The Namibian Airports Company’s (NAC) Board of Directors led by the Chairperson Rodgers Kauta is entangled in a serious tug of war with the management of the company following their (Board) proposition to have the company’s operational budget slashed by 20 percent before approval, The Patriot can reveal.
The NAC Board of Directors is composed by Kauta, Beverly Gawanas-Vugs, Rudolph Rittmann, Lesenda Mohamed and Ipupa Kasheeta.
Heated email exchanges, seen by this publication, between the Board Chairperson and the Chief Executive Tamer El-Kallawi, show that the board is refusing to approve the proposed operational budget or submit it to the line minister before a severe cut on operational cost is implemented.
The Board Chairperson in the e-mail trail wrote to El-Kallawi categorically stipulating the need to revise the budget and have it trimmed by 20 percent and also halt any sort of spending which they argue should not be executed without their approval. In the same e-mail thread, one of the Directors Rudolph Ritman also confirms his support for the Board Chairperson’s call for a budget cut although El-Kallawi raises concern, saying the budget could curtail the company’s operations.
The move allegedly threatens the company’s turnaround strategy which was set out in 2014 with the aim of achieving safety and security at all Airports, rehabilitating six Airports country wide, keeping periodic maintenance of the Airport infrastructure country wide, ensure customer satisfaction and also morale boosting staff confidence.
The Patriot also independently confirmed that the management of the company submitted a budget proposal to the Board in November last year for presentation to the line minister and eventually tabling Cabinet for approval but the board is not keen to move before their demands are met.
Sources privy to NAC operations said the Board instituted a moratorium on spending across the board to have their demands for a severely adjusted expenditure plan implemented. So dire is the situation at the Airports company that the company was facing a rather testing situation this week to deal with the pending salary bill while a meeting engagement was scheduled with the Board.

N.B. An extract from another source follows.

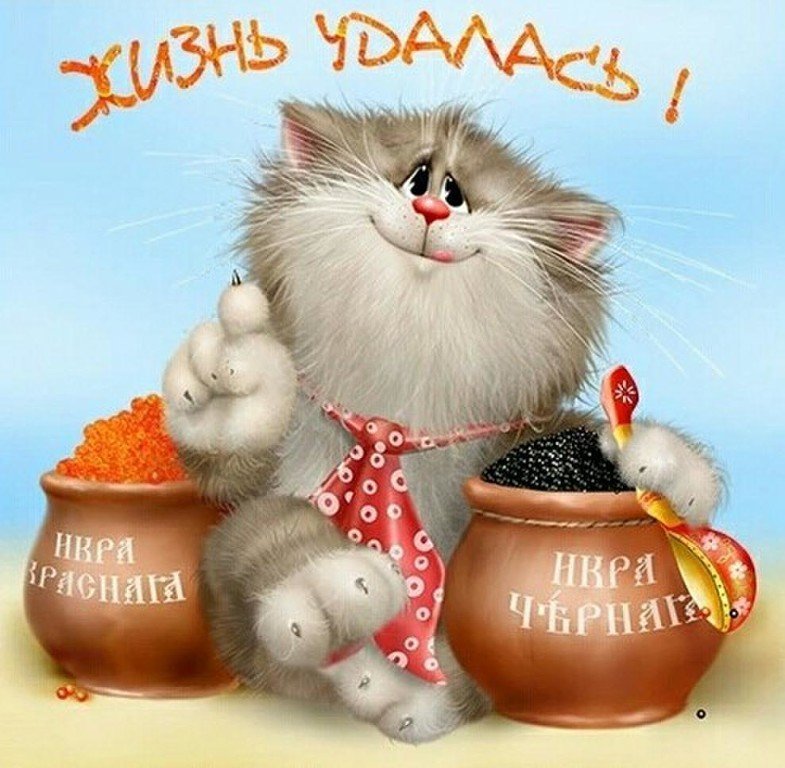 кот - оригинал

The tug of war over the operational budget has now infuriated the company’s Chief Executive Officer Tamer El Kallawi who is looking at the issue as a direct interference on day to day operations of the company by the recently elected board.
NAC is already grappling with cash flow problems, seeing that the national airliner, Air Namibia, is struggling to pay landing fees at the country’s airports in time. NAC according to, financial information at hand, saw its operational loss increase by 231 percent. The operational loss in real terms moved from N$8 million to N$28 million in the year ending 2015. However the company’s solace is in the reality that their total assets grew from N$2,183,058,054 to N$2, 742,074,131 in the same period under review.
NAC however recorded a seven percent increase on targeted revenue in the financial year 2014/2015 which is the latest available information. The increase in real terms translates to the company achieving N$233 million in revenue inflows as compared to a target of N$217 million.
Upon enquiry Minister of Public Enterprises Leon Jooste said the challenges between the board and management in relation to their expenditure and the after effects have not reached his office. “The NAC issues have not yet been brought to my attention at all,” Jooste said in reference to the issue. Jooste could also not give any indications as to how much the Airports Company requested from the Government.
The Company’s CEO did not give his comment although questions were sent to him for comment.
NAC has in the recent past faced its fair share so controversies following a botched planned tender to upgrade the Hosea Kutako International Airport before the court dismissed the granting of the tender.
The national airliner owes the Namibian Airport Company(NAC) over N$170 million in airport fees.
NAC, which owns and manages eight airports in the country, generates most of its revenue from Air Namibia’s airport usage.
Information at hand also confirm that the national airliner Air Namibia has been struggling to pay their dues to the Airports Company although engagements between the two companies have been constant. This has also created a serious challenge of the company’s cashflow. NAC’s leadership is currently at loggerheads over budget issues which has pitted the board against the company’s management.
The relationship between NAC and Air Namibia has come under heavy scrutiny in recent years-albeit mostly for the wrong reasons.
A NAC official this week said the national airline owes NAC millions for ground handling, rental, passenger and landing fee agreement.
Air Namibia’s spokesperson Paul Nakawa said the two SOEs are in constant communication regarding the matter and vowed that Air Namibia will continue honouring its repayment agreement until the arrears are cleared.
“It doesn’t surprise us that Air Namibia owes NAC money, we are aware of that and we have been communicating with NAC in this regards and we will continue doing so. We have made arrangements how best we continue paying as a way of honoring services as rendered to us by our sister company. Our business relationship is deep, lasting and sincere.
There shouldn’t be turf war between our companies, after all we are not quiet about it. We will keep our doors open for NAC to talk to us instead of resorting to media as we are one,” he said.